One important aspect of switching transistors and LEDs always overlooked by designers is the current gain and ESR of each load in each stage.
Consider the 3 stages here for on current.
I1=4.3mA
I2=2.3mA
I3=10~20mA * 8 segments incl. "."
For off current Rload*Cload affects turn off speed and cuts leakage current in base.
Bigger LEDs have arrays like 2S2P or 2S3P etc so ESR increases with equivalent ratios as 2P/2S=1 and 3S2P =1.5x, 4S2P=2x ... Then ESR of the saturated diode, ESR [Ω]~ 1/Pd {+\-50%} where Pd=Vf*If
...(per segment) typically 50mW segments are 20Ω, 100mW are 10Ω, and strings 4S2P are 40Ω or 2x20Ω with 50mW per chip in 4S2P.
But lets assume the simplest case with 0ne diode per segment rated at 100mW then ESR=10Ω
Thus if one wanted to optimize saturation and turn off leakage/delay they would use the rated currents for Vsat.
In this case Ic/Ib=10, but best case transistors (ultra low Rce) have this ratio at 50...
Thus ideal drivers need only as a minimum...
I3=80mA (7 segments & dot)
I2=8mA
I1=0.8 mA
Each open collector needs up to 10% bypass current for next stage turnoff to cutoff Vbe, which is always shunted across Vbe.
Overlooking these important deign criteria will lead to di ming problems with more segments on and dim LEDs will all segments off.
Can you see what you can do better now?
Then if your are Mux'ing N digits at 1/N duty factor, you must increase drive current by same, xN.
Thus multiply all the above by 4. Then compute power loss in each collector R for sizing.
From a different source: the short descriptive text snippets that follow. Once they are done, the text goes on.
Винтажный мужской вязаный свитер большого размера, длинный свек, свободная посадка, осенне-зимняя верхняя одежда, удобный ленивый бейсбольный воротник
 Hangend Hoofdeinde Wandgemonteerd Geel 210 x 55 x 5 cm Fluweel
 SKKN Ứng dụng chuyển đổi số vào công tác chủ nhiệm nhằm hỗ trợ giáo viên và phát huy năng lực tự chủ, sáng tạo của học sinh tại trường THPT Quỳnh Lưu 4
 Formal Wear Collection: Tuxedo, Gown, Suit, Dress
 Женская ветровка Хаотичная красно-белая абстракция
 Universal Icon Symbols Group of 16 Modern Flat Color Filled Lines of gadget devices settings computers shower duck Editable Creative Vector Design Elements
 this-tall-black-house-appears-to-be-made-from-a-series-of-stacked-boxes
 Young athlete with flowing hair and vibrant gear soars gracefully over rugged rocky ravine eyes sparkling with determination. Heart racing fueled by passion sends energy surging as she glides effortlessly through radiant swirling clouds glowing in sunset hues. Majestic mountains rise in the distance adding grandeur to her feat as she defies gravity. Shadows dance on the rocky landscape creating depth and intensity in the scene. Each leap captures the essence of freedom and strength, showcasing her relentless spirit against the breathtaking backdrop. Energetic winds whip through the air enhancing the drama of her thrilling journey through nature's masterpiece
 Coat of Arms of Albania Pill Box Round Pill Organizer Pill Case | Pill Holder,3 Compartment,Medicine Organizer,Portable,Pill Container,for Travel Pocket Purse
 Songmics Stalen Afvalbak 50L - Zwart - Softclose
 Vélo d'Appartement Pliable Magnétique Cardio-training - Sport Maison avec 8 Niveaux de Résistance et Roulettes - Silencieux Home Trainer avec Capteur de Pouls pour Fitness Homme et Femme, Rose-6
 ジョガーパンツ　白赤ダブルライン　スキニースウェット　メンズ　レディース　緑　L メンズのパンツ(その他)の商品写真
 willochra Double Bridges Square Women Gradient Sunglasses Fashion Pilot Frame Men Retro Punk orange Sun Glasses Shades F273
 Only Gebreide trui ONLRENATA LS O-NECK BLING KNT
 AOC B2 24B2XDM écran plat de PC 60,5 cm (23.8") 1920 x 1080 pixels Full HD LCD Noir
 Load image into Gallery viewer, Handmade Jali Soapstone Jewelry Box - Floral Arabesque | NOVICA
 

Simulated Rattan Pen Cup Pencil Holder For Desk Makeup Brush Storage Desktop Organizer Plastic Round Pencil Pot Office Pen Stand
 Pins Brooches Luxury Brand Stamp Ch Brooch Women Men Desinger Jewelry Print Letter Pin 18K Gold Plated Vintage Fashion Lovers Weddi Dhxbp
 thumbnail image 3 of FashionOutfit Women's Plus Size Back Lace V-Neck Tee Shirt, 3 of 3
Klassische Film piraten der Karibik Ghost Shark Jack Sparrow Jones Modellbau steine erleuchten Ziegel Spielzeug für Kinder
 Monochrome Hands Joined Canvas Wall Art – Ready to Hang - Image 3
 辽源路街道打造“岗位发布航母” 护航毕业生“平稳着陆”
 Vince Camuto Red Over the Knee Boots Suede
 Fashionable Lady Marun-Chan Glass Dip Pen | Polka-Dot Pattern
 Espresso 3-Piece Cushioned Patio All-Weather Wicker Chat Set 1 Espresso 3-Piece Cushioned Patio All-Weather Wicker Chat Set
Giving 350mA, 35mA and 3.5 mA with Rbe added for 10% bypass.
Then x2 if you intend to use 20mA segments vs 10mA !!!
If this leads to undesireable Pd, then choose wisely, transistors from Diodes Inc with low Rce and Ic/Ib=50 ratings, or consider FETs of suitable RdsOn, then each stage is chosen as LED Anode=10Ω/8 then RdsOn <=5% of LED ESR = <13 mΩ (1.25/20)